Corn futures are seeing bull spread unwinding, with old-crop contracts down 2 to 8 cents and new-crop narrowly mixed.
- New-crop corn continues to benefit from concerns about the 2013 crop. Recent rains have resulted in lowland flooding across much of the western Corn Belt and more rain is on the way this week.
- With 13.6 million acres of the corn crop left unplanted, this raises concerns about reduced yield potential on what acres are seeded as well as the likelihood some acres will be switched to other crops or claimed as prevent plant.
- Also, flooding means some of the corn crop will need to be replanted.
- Gulf basis firmed for immediate delivery the past two mornings, signaling export demand news may lie ahead. But market action indicates proof of improved export demand will be needed to spark buying interest in old-crop corn.
- Spillover from soybeans is limiting buying interest in the corn market today.
Soybean futures have softened to trade double-digit lower in old-crop contracts and roughly 4 to 7 cents lower in new-crop.
- Soybeans are being pressured by news China canceled 147,000 MT in soybean purchases for 2012-13.
- Also, Gulf soybean basis fell 5 cents for immediate delivery and 1 cent for delivery the last half of July this morning.
- Traders view this news as signs of slowing export demand.
- But pressure on new-crop beans is being limited by increasing concerns about a 17 percentage-point lag in soybean planting compared to the norm. Just 44% of the crop was planted as of Sunday, and little progress is expected this week due to soggy conditions.
- Also, just 14% of the crop is emerged, compared to 30% on average and 57% last year.
- But somewhat offsetting this are expectations soybeans will pick up some intended corn acres.
Wheat futures have rallied to trade roughly 5 to 7 cents higher in Chicago and Minneapolis and 1 to 4 cents higher in Kansas City.
- Wheat futures are enjoying some light buying interest thanks to weakness in the U.S. dollar index and ongoing declines in the condition of the winter wheat crop.
- Pro Farmer's weighted Crop Condition Index shows the HRW and SRW crops slipped by 3 points from last week. USDA rated 42% of the winter wheat crop in "poor" to "very poor" condition, compared to 41% last week.
- Plus, spring wheat planting advanced to just 79% complete, which compares to 86% complete for the five-year average. Major rain in the Northern Plains this week will further delay planting.
- SovEcon revised its 2013-14 Russian wheat crop higher to 50 MMT, with wheat exportable supplies at 13 MMT to 15 MMT.
- Australia's wheat production for 2013-14 is expected to rise 2 MMT over year-ago to 24 MMT, according to a senior industry official for the country.
Live and feeder cattle futures are enjoying light gains on followthrough buying this morning.
- Traders are working to narrow the discount live cattle futures hold to last week's cash cattle action at $124 in the Southern Plains.

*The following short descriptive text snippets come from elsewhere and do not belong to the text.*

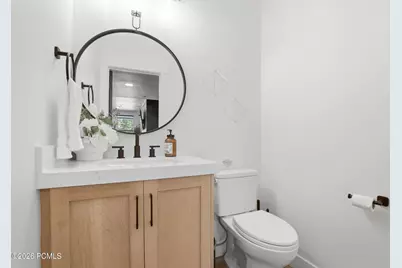 1000 W Upper Cove Road, Park City, UT 84098 - Photo 39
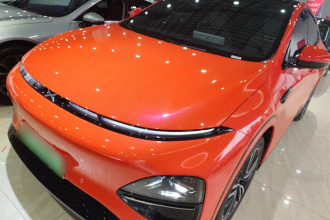 小鹏G6 2023款 755 超长续航 Pro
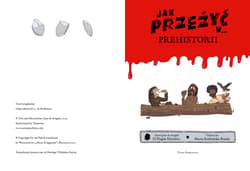 Galeria - zdjęcie nr. 2 - Jak przeżyć w... prehistorii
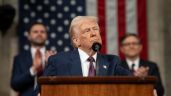 Foto ilustrativa de la nota titulada: La advertencia de Trump: “Deberían evacuar Teherán de inmediato”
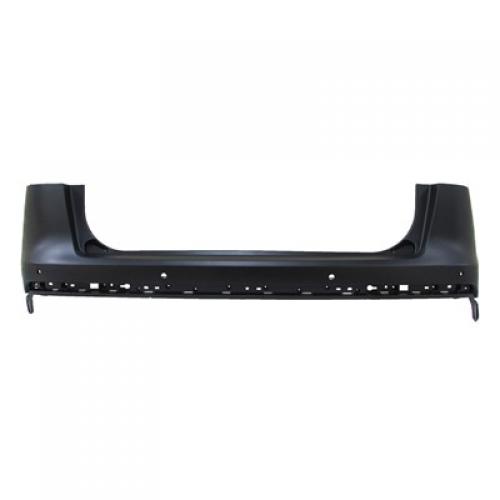 2019 - 2023 Lincoln Nautilus Rear Bumper Cover Upper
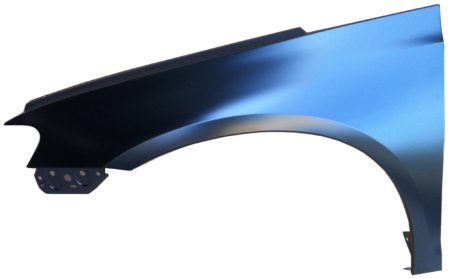 Aleta Frontal Izquierda Volkswagen Scirocco (2009->)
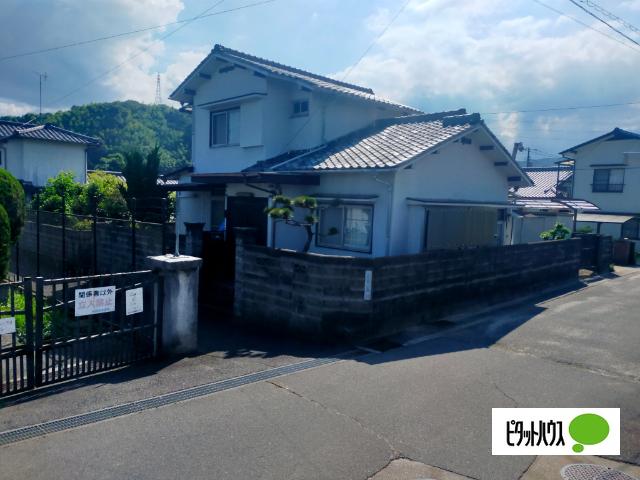 牛野谷町二丁目 外観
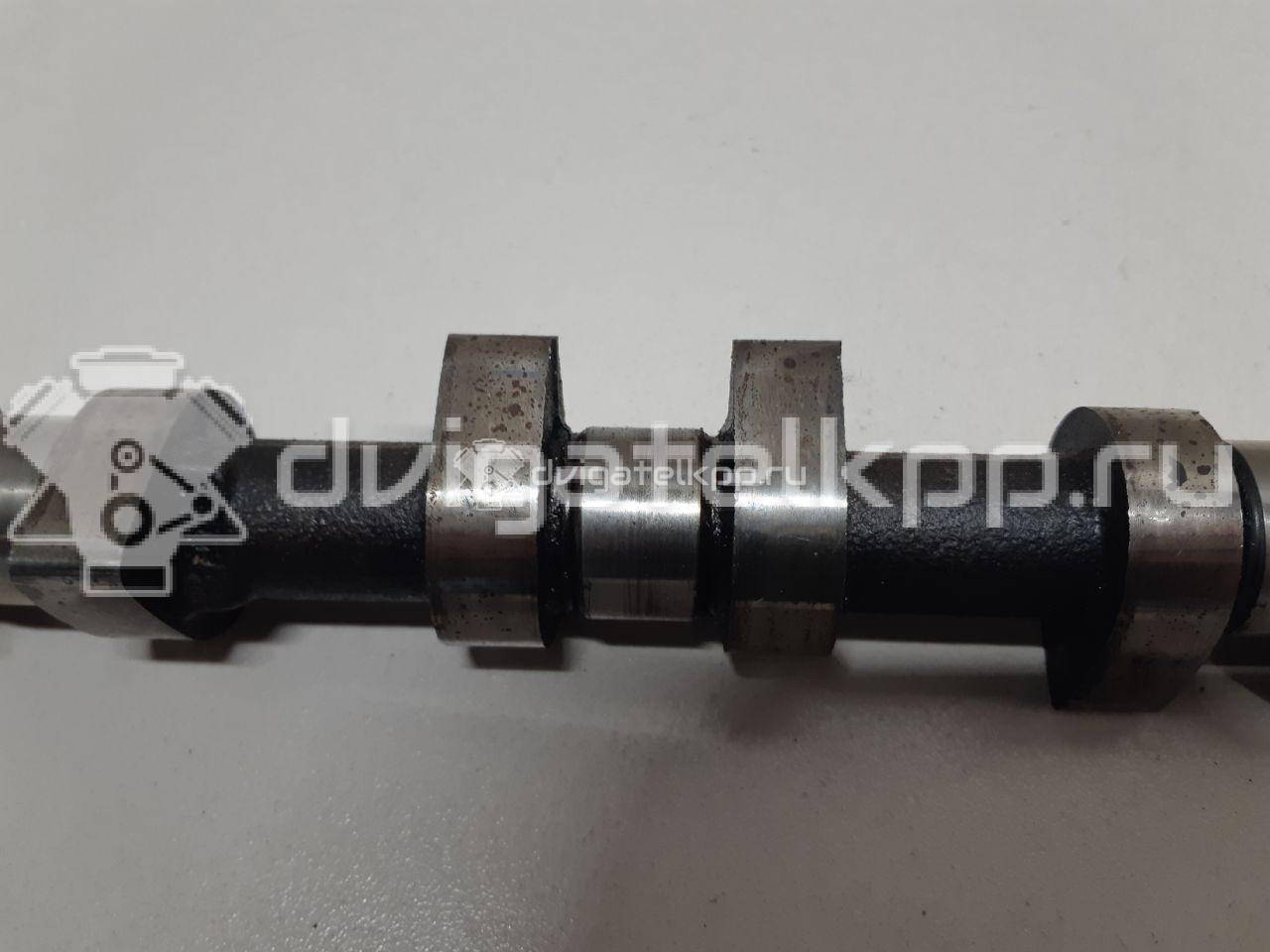 Фото Распредвал для двигателя F16D3 для Daewoo / Chevrolet / Holden 101-109 л.с 16V 1.6 л бензин 96182606 {forloop.counter}}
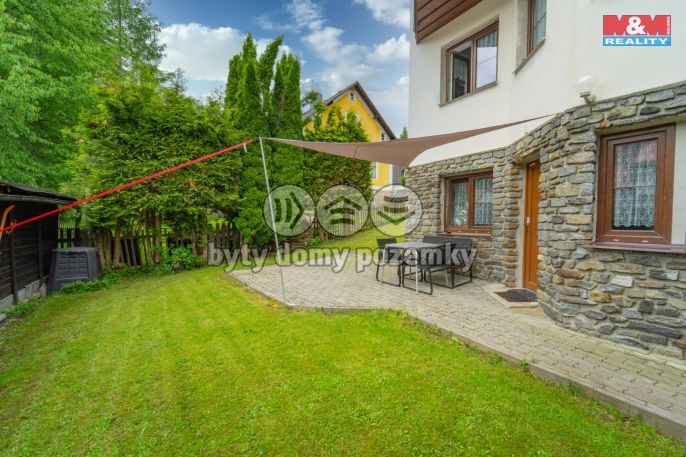 Prodej, Hotel, penzion, Železná Ruda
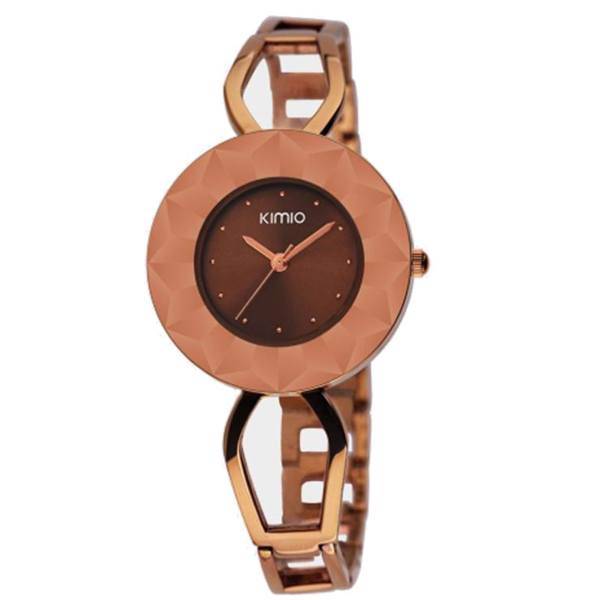 ساعت مچی عقربه ای زنانه کیمیو مدل K462L-C07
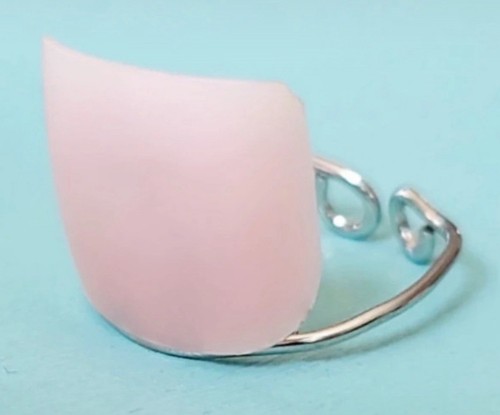 Toe2go adjustable false - adjustable,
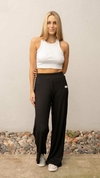 PANTALON MENORCA - NEGRO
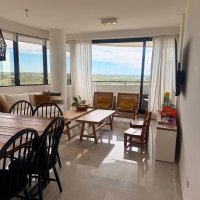 Departamento 4 Amb En Venta Torre Brickell Tigre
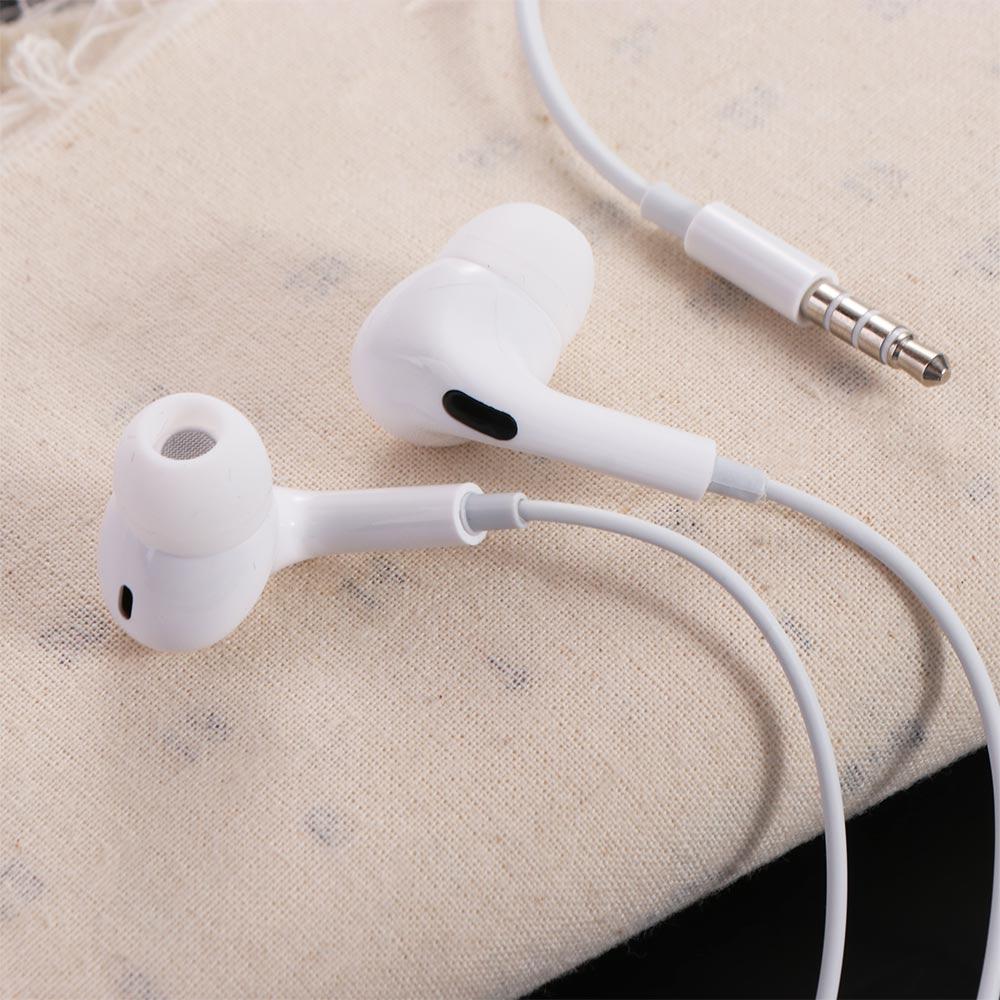 

Type C in Ear Earphone Wired Controll Type C Headset Wired Earphone Listen To Music Type C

- The market is also responding positively to a slight pullback in Choice boxed beef values from record-high levels and the coinciding improvement in movement.
- Yesterday, Choice boxed beef values fell 33 cents and Select fell 51 cents. This spurred movement of 191 loads.
- Showlist estimates are up from week-ago, but packers are enjoying wide profit margins, which could help feedlots to get at least steady prices for cattle.
- Weakness in the U.S. dollar index is also supportive.
Lean hog futures are enjoying slight to moderate gains this morning.
- Lean hog futures are responding positively to news the Chinese company Shuanghui International will buy Smithfield Foods, as this is expected to boost U.S. pork export opportunities.
- Meanwhile, market-ready hog supplies are tightening seasonally and average hog weights in Iowa and southern Minnesota fell 1.2 lbs. last week over the week prior. Plus, flooding in the western Corn Belt is making hogs tougher to obtain in some areas.
- But an unimpressive start for the pork market yesterday is tempering bullish enthusiasm. The pork cutout value fell 93 cents and movement was a light 297.3 loads.
- This pulled packer profit margins into the red, which is keeping cash hog bids from advancing.
- Also, June lean hogs are at roughly a $1.50 premium to the cash hog index.